(Beginning of Working data)
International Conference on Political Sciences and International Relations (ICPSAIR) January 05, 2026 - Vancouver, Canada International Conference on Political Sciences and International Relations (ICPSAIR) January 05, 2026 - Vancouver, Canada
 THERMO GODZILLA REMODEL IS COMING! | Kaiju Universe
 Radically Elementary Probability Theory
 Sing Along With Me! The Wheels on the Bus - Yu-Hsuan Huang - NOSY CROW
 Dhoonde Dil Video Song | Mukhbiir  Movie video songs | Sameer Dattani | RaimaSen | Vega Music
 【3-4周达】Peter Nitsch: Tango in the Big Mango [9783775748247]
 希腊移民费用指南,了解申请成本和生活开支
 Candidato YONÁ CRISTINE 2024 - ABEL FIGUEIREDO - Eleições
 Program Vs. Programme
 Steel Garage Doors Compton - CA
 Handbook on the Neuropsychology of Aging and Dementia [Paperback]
(End of Working data)
Exercise aim: Extract every line from the one with "Sing Along With" down to the final line above, both included, exactly as written.

Result of this exercise:
 Sing Along With Me! The Wheels on the Bus - Yu-Hsuan Huang - NOSY CROW
 Dhoonde Dil Video Song | Mukhbiir  Movie video songs | Sameer Dattani | RaimaSen | Vega Music
 【3-4周达】Peter Nitsch: Tango in the Big Mango [9783775748247]
 希腊移民费用指南,了解申请成本和生活开支
 Candidato YONÁ CRISTINE 2024 - ABEL FIGUEIREDO - Eleições
 Program Vs. Programme
 Steel Garage Doors Compton - CA
 Handbook on the Neuropsychology of Aging and Dementia [Paperback]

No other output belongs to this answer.